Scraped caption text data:
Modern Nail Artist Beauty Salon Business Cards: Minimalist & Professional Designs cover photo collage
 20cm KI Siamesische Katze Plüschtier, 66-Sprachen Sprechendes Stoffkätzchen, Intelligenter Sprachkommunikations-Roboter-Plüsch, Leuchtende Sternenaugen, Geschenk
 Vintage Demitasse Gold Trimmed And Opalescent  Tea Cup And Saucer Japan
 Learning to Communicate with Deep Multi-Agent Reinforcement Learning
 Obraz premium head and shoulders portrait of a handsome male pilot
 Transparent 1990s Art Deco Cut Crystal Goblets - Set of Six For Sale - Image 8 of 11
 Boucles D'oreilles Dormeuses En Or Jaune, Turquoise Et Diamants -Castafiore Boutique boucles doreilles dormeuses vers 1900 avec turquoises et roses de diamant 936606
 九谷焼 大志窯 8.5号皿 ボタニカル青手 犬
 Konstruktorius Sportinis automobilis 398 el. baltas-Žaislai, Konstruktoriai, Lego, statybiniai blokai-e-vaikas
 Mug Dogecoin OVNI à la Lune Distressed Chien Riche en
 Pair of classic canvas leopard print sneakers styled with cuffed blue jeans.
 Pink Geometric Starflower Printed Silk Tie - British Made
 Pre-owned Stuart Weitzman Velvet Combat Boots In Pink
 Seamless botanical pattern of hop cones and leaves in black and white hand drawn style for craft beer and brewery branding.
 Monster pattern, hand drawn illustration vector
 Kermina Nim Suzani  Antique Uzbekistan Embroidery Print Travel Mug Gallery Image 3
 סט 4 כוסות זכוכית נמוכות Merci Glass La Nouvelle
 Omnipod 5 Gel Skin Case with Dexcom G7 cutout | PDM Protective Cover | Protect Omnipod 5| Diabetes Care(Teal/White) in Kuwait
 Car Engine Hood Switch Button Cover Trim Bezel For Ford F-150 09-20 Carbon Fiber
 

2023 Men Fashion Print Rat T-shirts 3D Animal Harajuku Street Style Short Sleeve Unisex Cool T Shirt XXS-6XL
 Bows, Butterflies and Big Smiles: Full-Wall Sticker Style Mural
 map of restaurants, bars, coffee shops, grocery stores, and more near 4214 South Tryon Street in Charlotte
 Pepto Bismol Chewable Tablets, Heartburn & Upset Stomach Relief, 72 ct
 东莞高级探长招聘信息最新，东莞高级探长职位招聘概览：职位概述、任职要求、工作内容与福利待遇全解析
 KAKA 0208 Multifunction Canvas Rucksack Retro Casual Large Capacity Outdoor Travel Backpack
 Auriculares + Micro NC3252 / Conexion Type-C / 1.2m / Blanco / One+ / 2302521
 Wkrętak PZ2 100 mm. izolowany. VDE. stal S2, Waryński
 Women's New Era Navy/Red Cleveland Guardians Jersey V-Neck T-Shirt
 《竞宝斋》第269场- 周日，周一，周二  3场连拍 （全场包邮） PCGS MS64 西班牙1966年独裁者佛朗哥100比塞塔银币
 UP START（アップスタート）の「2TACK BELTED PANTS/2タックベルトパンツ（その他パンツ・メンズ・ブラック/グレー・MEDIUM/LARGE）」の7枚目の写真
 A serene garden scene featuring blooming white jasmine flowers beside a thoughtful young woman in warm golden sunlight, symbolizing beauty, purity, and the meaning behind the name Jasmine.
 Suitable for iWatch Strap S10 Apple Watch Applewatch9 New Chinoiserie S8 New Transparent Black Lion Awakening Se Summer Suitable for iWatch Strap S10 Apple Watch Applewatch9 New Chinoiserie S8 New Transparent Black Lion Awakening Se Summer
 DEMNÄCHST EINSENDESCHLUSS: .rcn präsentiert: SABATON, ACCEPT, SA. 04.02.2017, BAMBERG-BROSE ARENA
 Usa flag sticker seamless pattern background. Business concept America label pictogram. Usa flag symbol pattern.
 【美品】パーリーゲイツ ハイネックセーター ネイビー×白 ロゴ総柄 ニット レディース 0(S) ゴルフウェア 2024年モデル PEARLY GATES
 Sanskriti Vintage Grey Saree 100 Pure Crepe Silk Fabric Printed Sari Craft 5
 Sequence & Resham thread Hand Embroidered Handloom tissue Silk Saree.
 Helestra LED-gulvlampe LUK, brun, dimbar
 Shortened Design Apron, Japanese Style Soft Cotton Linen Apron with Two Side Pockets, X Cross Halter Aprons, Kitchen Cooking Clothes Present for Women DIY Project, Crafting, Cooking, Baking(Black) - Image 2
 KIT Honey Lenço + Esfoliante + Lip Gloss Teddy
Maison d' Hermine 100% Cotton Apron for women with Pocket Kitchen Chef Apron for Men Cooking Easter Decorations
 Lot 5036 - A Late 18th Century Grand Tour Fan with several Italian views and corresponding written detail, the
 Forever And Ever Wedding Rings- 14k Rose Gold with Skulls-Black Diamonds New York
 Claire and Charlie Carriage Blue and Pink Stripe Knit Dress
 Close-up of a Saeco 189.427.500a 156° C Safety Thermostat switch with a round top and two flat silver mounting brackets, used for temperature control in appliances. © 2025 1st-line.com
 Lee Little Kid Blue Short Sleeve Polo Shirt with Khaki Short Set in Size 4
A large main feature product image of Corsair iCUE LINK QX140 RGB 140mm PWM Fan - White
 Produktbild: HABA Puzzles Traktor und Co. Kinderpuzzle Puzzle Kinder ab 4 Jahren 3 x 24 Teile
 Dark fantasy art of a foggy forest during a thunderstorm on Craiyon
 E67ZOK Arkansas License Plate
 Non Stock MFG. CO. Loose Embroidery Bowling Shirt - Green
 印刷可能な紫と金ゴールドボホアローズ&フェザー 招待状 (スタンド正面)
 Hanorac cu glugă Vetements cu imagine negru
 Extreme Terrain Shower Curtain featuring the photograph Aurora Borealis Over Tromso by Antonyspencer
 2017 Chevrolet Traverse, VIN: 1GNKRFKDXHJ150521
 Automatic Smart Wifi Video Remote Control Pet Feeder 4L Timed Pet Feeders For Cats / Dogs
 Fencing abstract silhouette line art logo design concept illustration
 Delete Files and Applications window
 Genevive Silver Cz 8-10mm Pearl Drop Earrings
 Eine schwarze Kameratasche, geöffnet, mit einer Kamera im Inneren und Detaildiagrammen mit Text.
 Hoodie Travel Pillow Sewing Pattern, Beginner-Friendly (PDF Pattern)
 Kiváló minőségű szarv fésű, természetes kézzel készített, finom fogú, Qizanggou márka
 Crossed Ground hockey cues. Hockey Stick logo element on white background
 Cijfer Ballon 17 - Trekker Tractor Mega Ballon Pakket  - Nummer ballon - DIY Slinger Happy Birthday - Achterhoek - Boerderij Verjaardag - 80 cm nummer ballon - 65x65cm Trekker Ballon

## Your task
All that is wanted is a faithful reproduction of the line above with "Shortened Design Apron, Japanese", the line with "KIT Honey Lenço", and every line in between.

## Output of the task
 Shortened Design Apron, Japanese Style Soft Cotton Linen Apron with Two Side Pockets, X Cross Halter Aprons, Kitchen Cooking Clothes Present for Women DIY Project, Crafting, Cooking, Baking(Black) - Image 2
 KIT Honey Lenço + Esfoliante + Lip Gloss Teddy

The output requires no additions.